Examine each line of the data. Copy the line if it includes the word "Girls".
*** Opening of Record extracts ***
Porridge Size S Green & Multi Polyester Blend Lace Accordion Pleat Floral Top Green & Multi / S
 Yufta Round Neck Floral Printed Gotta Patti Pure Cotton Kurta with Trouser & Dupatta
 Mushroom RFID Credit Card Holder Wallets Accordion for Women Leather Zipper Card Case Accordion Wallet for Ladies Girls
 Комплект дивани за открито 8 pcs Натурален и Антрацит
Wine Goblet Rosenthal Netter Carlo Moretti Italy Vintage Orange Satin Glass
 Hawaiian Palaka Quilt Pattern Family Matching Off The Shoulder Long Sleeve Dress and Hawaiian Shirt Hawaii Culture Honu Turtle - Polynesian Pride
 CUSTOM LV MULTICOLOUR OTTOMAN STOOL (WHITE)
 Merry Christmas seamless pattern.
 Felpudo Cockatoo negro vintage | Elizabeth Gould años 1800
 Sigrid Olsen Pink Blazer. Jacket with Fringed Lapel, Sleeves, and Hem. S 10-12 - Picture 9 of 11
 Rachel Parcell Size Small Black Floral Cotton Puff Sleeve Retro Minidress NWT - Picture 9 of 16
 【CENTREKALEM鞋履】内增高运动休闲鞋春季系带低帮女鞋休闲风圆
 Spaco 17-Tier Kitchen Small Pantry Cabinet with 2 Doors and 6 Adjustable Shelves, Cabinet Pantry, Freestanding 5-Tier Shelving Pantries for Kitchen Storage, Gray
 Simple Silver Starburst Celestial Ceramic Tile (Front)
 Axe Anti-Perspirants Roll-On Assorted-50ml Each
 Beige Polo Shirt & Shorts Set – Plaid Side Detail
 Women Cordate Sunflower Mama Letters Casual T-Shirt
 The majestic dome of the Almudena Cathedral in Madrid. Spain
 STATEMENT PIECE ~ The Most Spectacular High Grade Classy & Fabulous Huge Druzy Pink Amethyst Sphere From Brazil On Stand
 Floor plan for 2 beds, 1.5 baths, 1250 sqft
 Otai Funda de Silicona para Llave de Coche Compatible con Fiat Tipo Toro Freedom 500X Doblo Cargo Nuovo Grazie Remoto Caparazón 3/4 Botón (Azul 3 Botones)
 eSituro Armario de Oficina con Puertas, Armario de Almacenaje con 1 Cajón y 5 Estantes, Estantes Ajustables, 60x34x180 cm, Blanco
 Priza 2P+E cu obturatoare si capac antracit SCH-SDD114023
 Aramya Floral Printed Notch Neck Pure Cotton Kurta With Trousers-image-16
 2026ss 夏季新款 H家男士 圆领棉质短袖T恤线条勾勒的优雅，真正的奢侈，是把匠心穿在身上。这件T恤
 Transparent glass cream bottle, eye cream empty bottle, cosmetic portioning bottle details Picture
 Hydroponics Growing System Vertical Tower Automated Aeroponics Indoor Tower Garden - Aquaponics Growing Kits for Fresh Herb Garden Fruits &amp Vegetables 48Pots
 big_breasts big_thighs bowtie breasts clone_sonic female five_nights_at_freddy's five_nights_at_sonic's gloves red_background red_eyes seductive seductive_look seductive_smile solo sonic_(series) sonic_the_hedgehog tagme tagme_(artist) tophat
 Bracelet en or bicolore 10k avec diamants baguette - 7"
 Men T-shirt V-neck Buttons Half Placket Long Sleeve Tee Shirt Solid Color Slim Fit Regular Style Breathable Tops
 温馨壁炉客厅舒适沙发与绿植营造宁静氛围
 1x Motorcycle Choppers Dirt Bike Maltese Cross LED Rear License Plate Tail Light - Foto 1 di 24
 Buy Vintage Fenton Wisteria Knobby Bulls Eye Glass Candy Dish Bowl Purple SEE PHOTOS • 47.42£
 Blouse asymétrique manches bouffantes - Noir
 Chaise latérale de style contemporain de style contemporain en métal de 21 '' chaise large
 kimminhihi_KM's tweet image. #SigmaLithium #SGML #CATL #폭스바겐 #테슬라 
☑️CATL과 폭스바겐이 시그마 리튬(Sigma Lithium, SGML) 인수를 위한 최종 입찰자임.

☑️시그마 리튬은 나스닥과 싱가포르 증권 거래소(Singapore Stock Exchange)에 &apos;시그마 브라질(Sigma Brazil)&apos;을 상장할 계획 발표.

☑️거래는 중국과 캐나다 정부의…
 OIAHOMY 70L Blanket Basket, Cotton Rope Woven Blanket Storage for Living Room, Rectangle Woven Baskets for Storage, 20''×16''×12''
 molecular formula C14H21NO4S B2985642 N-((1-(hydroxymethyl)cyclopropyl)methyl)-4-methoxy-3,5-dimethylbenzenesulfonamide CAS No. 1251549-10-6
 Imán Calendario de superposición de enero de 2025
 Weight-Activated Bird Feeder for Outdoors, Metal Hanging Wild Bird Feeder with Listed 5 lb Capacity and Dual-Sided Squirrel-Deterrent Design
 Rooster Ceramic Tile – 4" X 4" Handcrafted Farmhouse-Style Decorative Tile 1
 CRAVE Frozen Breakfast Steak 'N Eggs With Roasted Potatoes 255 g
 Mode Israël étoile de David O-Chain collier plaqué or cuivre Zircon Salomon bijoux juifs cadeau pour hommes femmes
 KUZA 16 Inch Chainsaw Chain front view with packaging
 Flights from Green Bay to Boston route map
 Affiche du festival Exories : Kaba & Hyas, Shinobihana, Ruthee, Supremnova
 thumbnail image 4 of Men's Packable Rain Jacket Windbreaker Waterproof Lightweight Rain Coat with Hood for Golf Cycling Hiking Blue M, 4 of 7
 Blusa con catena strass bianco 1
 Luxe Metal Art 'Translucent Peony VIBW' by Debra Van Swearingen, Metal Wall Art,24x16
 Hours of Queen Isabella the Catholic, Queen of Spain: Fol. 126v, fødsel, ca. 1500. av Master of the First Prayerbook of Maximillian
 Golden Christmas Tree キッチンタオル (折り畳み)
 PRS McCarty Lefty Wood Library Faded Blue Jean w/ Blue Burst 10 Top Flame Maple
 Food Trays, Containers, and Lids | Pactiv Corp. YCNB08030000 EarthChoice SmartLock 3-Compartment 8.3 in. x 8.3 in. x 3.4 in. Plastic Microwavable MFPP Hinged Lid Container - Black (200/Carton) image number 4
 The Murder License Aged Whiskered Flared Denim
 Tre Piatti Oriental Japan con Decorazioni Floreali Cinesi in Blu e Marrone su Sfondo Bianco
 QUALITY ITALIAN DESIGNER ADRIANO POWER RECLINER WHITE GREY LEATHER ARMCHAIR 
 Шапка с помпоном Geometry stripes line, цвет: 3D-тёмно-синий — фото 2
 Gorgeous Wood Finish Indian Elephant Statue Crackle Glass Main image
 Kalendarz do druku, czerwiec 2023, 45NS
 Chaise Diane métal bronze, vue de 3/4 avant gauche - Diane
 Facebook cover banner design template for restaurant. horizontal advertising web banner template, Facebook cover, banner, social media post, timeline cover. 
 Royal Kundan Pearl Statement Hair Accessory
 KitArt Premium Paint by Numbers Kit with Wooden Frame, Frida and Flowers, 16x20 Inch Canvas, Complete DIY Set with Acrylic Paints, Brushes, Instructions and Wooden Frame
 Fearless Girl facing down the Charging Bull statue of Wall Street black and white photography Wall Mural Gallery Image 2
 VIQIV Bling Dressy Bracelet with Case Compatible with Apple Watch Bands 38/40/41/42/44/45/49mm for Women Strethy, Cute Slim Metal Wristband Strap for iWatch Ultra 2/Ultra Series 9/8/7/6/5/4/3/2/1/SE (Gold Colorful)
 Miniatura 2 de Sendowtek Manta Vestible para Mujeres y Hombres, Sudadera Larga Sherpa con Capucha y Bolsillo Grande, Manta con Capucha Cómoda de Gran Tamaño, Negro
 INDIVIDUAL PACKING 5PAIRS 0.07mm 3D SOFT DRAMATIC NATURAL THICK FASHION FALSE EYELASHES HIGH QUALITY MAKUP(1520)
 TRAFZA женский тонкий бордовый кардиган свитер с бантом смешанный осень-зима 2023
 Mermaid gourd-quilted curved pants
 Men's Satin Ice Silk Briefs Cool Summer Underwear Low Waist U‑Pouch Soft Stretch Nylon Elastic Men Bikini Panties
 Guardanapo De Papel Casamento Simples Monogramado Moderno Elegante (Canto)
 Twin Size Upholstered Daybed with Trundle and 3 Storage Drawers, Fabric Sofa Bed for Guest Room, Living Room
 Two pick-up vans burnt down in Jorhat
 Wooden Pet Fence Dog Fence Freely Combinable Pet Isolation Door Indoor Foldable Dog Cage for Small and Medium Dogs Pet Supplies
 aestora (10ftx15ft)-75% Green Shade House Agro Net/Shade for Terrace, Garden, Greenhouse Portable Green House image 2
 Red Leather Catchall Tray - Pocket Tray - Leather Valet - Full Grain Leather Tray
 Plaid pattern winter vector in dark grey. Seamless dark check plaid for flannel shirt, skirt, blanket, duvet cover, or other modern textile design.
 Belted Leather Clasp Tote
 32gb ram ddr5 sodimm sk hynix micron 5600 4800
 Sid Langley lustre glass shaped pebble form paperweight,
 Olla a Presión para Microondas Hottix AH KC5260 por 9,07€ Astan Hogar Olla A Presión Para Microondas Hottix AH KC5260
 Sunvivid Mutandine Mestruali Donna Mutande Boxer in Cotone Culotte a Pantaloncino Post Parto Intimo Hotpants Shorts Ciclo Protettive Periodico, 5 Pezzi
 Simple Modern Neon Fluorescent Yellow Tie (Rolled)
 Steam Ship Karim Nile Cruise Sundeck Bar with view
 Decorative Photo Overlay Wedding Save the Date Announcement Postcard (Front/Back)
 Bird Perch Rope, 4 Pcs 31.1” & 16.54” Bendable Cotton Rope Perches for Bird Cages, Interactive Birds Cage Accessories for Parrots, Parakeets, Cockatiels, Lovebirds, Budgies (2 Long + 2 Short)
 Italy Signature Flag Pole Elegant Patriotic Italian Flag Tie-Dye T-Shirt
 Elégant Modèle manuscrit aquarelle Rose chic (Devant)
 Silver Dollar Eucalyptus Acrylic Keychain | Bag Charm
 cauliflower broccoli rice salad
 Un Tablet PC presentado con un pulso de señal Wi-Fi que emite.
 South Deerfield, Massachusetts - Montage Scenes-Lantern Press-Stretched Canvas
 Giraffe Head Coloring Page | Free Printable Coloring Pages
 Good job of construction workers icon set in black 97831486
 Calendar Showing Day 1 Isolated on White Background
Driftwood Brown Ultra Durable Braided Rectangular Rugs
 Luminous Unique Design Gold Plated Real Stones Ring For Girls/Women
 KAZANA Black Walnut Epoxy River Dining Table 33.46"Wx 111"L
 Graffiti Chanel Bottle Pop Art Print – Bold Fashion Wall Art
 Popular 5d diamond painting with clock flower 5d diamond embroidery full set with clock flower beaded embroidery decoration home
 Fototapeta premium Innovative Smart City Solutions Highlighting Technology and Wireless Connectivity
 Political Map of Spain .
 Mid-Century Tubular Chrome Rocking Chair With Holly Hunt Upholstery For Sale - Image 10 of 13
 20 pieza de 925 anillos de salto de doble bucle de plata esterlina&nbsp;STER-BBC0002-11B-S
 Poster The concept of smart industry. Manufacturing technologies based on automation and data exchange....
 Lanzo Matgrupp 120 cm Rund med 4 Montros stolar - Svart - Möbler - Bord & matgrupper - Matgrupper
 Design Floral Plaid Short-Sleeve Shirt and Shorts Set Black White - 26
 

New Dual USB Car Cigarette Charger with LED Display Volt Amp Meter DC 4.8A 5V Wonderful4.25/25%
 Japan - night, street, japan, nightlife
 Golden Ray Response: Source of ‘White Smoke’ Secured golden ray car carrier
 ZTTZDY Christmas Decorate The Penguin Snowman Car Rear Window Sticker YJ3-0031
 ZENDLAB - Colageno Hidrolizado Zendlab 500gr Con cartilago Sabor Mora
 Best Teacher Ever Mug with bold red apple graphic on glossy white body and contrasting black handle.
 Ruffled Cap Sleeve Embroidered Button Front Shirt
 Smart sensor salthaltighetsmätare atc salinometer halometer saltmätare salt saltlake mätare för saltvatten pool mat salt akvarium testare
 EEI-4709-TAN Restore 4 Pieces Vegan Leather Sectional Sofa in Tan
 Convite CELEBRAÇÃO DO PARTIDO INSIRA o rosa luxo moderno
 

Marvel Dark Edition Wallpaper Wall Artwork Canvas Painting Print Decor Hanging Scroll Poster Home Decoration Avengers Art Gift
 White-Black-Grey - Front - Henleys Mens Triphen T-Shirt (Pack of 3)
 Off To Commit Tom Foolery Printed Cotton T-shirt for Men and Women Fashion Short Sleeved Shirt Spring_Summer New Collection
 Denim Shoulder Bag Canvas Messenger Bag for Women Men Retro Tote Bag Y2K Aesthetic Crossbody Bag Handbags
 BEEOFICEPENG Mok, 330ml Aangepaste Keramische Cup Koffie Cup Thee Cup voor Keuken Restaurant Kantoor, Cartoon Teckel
*** Close of Record extracts ***
### Answer section
 Mushroom RFID Credit Card Holder Wallets Accordion for Women Leather Zipper Card Case Accordion Wallet for Ladies Girls
 Luminous Unique Design Gold Plated Real Stones Ring For Girls/Women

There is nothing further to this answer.